Beniaminek pierwszej ligi w minioną środę dość nietypowo, bo dwa razy w ciągu jednego dnia, w przeciągu zaledwie kilku godzin, rozegrał dwa sparingi z tą samą drużyną. Radomianie gościli w Warszawie. Pierwsze spotkanie zakończyło się niespotykanym na siatkarskich boiskach remisem 2:2, zaś po wspólnym obiedzie obu ekip już zdecydowanie triumfowali gospodarze.
Wizyta byłych zawodników Politechniki, występujących obecnie w Czarnych, była okazją do małej uroczystości. Prezes Jolanta Dolecka wręczyła upominki Januszowi Gałązce, Robertowi Pryglowi, Bartłomiejowi Nerojowi i Jakubowi Radomskiemu. Na boisku tak miło już jednak nie było. Choć brakuje jeszcze zgrania, żadna z ekip nie odpuszczała. Trenerzy obu zespołów, Jakub Bednaruk i Wojciech Stępień, dali szansę gry wszystkim podopiecznym.
Nie inaczej powinno być w najbliższą sobotę. W Radomiu rozegrany zostanie bowiem miniturniej. - Najpierw zmierzymy się z Avią Świdnik, następnie zagramy z Caro Rzeczyca - anonsuje Robert Prygiel, drugi szkoleniowiec RCS-u. Później, jak już informowaliśmy, pierwszoligowiec stanie naprzeciw Indykpolu Olsztyn.
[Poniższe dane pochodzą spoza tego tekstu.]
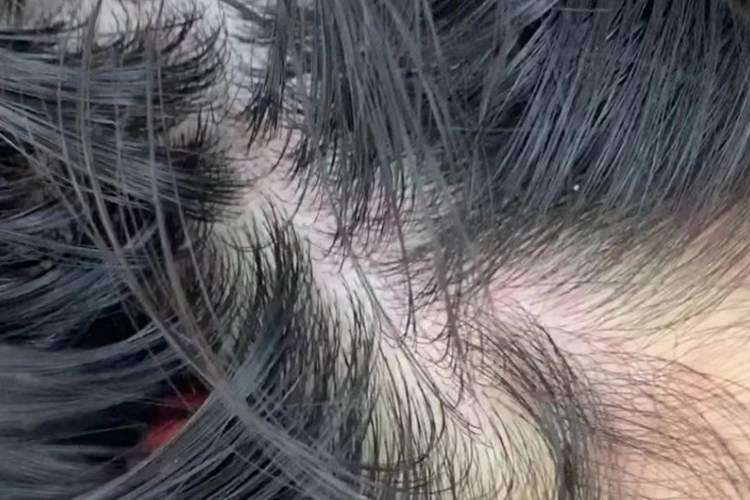 洗发水过敏症状图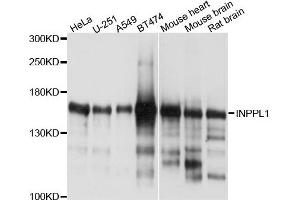 Western blot analysis of extracts of various cells, using INPPL1 antibody. (INPPL1 anticorps)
Natomiast w przyszły weekend (14 i 15 września) dojdzie do Radomskiego Festiwalu Siatkówki z udziałem: gospodarzy, Jadaru Siedlce, Ślepska Suwałki i Chemesu Humenne.
Gry kontrolne oznaczają dla siatkarzy Czarnych nieco lżejsze treningi. Do tej pory podopieczni Stępnia pracowali nad przygotowaniem ogólnym. Sporo ćwiczyli w siłowni, korzystali z gościnności klubu fitness, oczywiście nie zabrakło zajęć typowo siatkarskich. - Spokojnie realizując plan przygotowań staraliśmy się, aby zajęcia były urozmaicone - podkreśla Prygiel.